Sébastien Lalisse / Michel Ivonio quartet

L’opéra des résistances (à René Char 2)

Michel Ivonio (voc), Sébastien Lalisse (p), Alain Soler (g), Olivier Chabasse (b), Cédrick Bec (dms)

Label / Distribution : Label Durance / UVM Distribution

L’esprit, sinon la lettre de René Char, soluble dans le jazz ? Ou bien le contraire ? Telle est la question que soulève cet essai enregistré live à Digne-Les-Bains le 7 décembre 2017, proposé par l’agrégation de redoutables improvisateurs régionaux avec un poète non moins provençal, Michel Ivonio, fou de jazz à la plume acérée.

Mais attention. Ici, nous sommes en Haute-Provence, dans cette terre de résistance, connue pour son irrédentisme républicain farouche. Notamment pour les actions de René Char à la tête des partisans locaux pendant la seconde guerre mondiale. Les textes originaux écrits et déclamés sans solennité factice par le poète intervenant rendent bien entendu hommage à son illustre prédécesseur, évitant citations et paraphrases, contextualisant les actions et les écrits du grand homme avec une humilité bien sentie et un humour acerbe (« Les pantoufles de Jean-Paul Sartre » rappelant bien évidemment la posture de spectateur adoptée par le philosophe pendant la guerre), non sans un certain sens de l’autodérision.

Aussi, pour les artistes réunis ici, il va de soi que si république il y a, elle ne peut être que sociale et sensible. Jazz donc. Le pianiste Sébastien Lalisse conduit les musiciens dans un maquis poétique, rendu cohérent par la contrebasse d’Olivier Chabasse, et joyeusement déconstruit par le jeu de guitare délicat d’Alain Soler, cependant qu’à la batterie Cédrick Bec enrichit le message par l’universalité de son jeu. Ils ont quelque chose de ces braconniers de Provence au sujet desquels Char écrivait : « Je remercie la chance qui a permis que les braconniers de Provence se battent dans notre camp. La mémoire sylvestre de ces primitifs, leur aptitude pour le calcul, leur flair aigu par tous les temps, je serais surpris qu’une défaillance survînt de ce côté. Je veillerai à ce qu’ils soient chaussés comme des dieux ! » (Feuillets d’Hypnos, 1943-1944).

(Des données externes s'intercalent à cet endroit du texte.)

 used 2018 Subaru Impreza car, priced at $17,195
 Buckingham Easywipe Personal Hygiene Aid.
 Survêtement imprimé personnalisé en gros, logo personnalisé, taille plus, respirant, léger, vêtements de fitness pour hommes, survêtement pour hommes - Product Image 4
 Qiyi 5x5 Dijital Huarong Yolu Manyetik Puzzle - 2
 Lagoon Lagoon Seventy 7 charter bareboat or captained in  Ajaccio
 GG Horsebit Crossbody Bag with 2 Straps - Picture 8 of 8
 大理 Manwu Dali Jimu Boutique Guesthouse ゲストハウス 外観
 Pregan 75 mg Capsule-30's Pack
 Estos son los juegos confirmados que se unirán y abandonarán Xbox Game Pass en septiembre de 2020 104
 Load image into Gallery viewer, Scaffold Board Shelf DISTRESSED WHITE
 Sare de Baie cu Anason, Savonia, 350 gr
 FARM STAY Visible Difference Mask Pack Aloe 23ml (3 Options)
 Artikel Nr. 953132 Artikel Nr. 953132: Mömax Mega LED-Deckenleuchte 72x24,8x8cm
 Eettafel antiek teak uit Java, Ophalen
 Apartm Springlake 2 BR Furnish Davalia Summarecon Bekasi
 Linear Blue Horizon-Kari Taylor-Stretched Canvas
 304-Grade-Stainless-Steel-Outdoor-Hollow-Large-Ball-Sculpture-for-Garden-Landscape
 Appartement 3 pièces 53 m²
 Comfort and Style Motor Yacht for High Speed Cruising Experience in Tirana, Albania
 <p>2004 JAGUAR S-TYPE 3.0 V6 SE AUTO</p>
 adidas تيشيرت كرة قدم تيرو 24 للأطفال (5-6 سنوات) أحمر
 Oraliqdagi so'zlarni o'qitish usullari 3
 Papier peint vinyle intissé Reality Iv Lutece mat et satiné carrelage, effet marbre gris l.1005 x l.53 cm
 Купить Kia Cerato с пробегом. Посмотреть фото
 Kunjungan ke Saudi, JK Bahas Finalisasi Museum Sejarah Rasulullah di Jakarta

L’ensemble rappelle évidemment le disque « Chroniques de Résistance » sorti chez nato en 2014, les paysages provençaux remplaçant les territoires limousins, le caractère intimiste de la musique remplaçant les hymnes libertaires mis en musique par Tony Hymas. Un bel essai du label Durance donc (qui succède à un premier opus en hommage à Char, sur lequel figurait Raphaël Imbert, toujours présent lorsqu’il est question d’engagement). Puisse-t-il rappeler aux jazzmen et women, ainsi qu’aux publics et auditeurs, de la région et d’ailleurs, l’ardente obligation de leur engagement poétique et résistant, à l’heure où l’Europe connaît une sinistre vague brune.